年末に駆け込みで寄付すると、返礼品の在庫切れ、発送遅延、ワンストップ申請書の到着遅れ、申請漏れが起きやすくなります。
楽天ふるさと納税は検索や決済がしやすいため、つい年末にまとめて寄付しがちです。
しかし、ポイント目的で急ぐ必要が薄れた今は、春から秋にかけて少しずつ寄付するほうが管理しやすくなります。
冷凍品や定期便も分散しやすくなるため、返礼品を無駄にしにくい点でも早めの寄付は有利です。
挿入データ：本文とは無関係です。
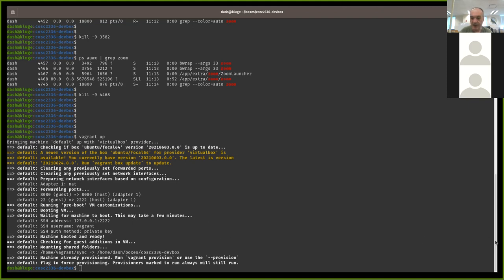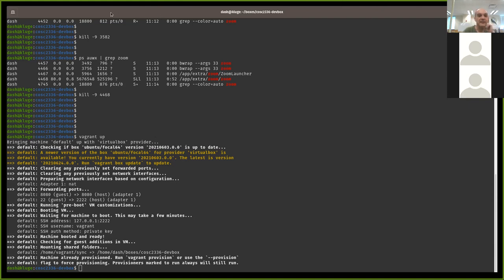Let's look at the pseudocode algorithm for task two. I gave you an example of a good way to pull out each character so you can test them.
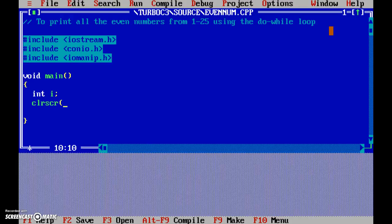Clear screen. Okay, now i is equal to 2, because that is the first even number. Then do...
楽天のふるさと納税改悪後はポイントより返礼品と手続きで選ぼう
楽天のふるさと納税改悪は、寄付に対する楽天ポイント、買いまわり、SPUを重視していた人にとって大きな変更です。
特に、楽天経済圏を活用して高還元を狙っていた人ほど、以前よりお得感が下がったと感じやすいです。
一方で、ふるさと納税の税控除の基本的な仕組みや、返礼品を受け取れる制度そのものがなくなったわけではありません。
楽天を使う価値は、ポイント最大化から、返礼品の探しやすさ、レビューの見やすさ、楽天IDでの管理のしやすさへ移っています。
今後は楽天だけでなく他サイトも比較しながら、控除上限額内で使い切れる返礼品を選ぶことが大切です。
ポイントが減ったからこそ、寄付額、内容量、発送時期、保存性、ワンストップ特例や確定申告の手続きを丁寧に確認すると、改悪後でも納得感のあるふるさと納税ができます。